Recent Job Growth May Raise Fed Rates

The apparent strength of the labor market may result in the Federal Reserve hiking interest rates in the coming days.

Yesterday, the ADP National Employment Report showed private sector job growth rising far above what economists had predicted for the month. February was host to the most substantial growth in payrolls seen since December 2015, with 298,000 jobs added—108,000 more than estimated.

The construction industry had the largest increase of payrolls with 66,000 new jobs filled, making it the industry’s second biggest gain in 15 years. Unusually warm weather is likely responsible for the jump in job growth.
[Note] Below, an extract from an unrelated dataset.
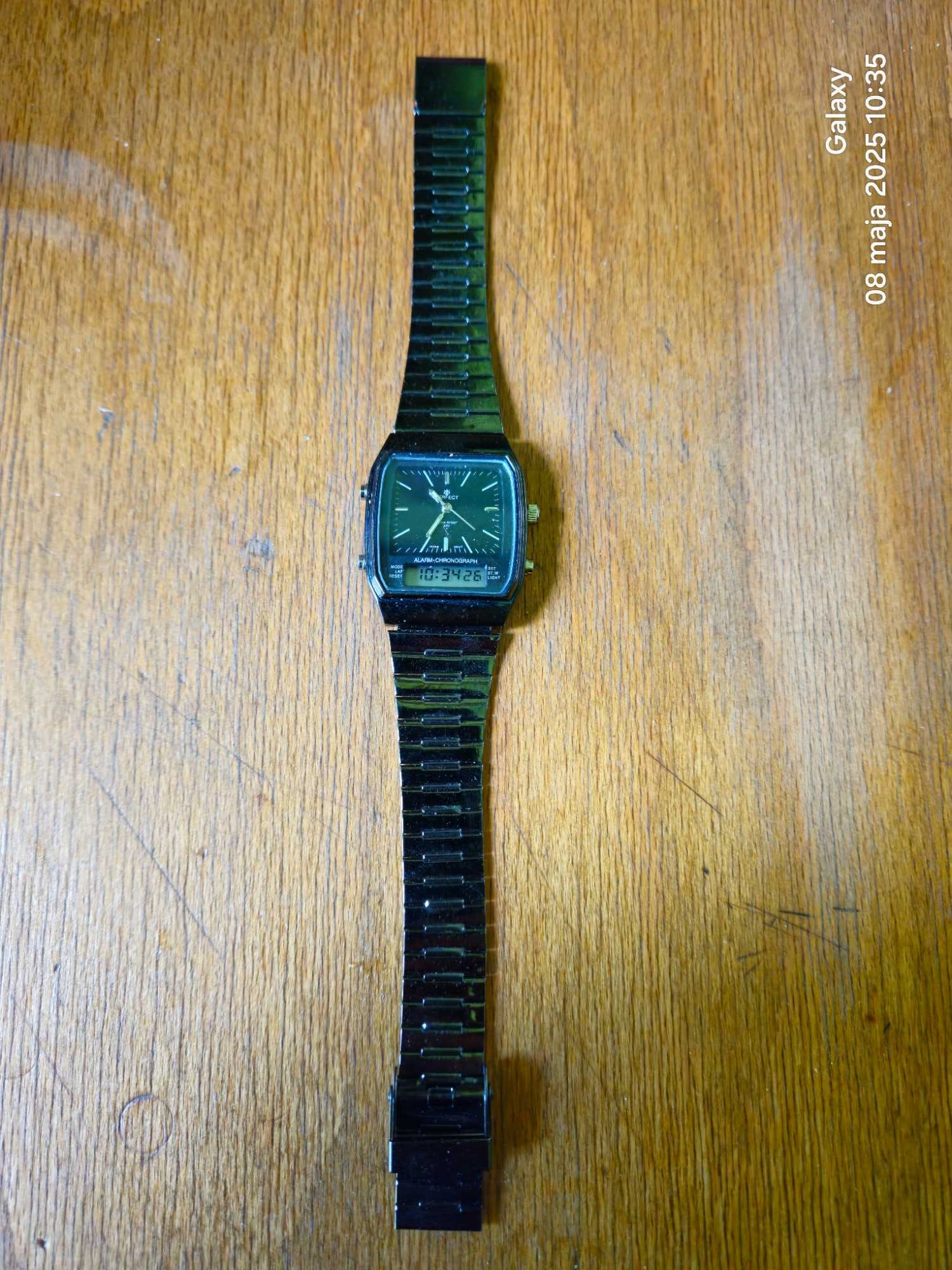 Zegarek marki PERFECT Made in Japan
Manufacturing payrolls also increased markedly in February by 32,000. Overall, private sector job growth is increasing more than it has in a year, signaling that the economy may be more stable than a disappointing first quarter suggests.

Janet Yellen, chair of the board of Governors of the Federal Reserve, said last week that the central bank will decide whether to increase interest rates during a policy meeting scheduled for March 14-15. The Fed forecasted three rate increases throughout the 2017, so a decision next week to raise rates is likely.

Joel Naroff, chief economist of Naroff Economic Advisors, expects rates to rise amid the ADP’s report and told Reuters, “I never say ‘done deal’ when it comes to the Fed, but a strong report would get us pretty close to one. It would reinforce the warning that I have been making that rates could rise faster and go higher than the markets currently anticipate.”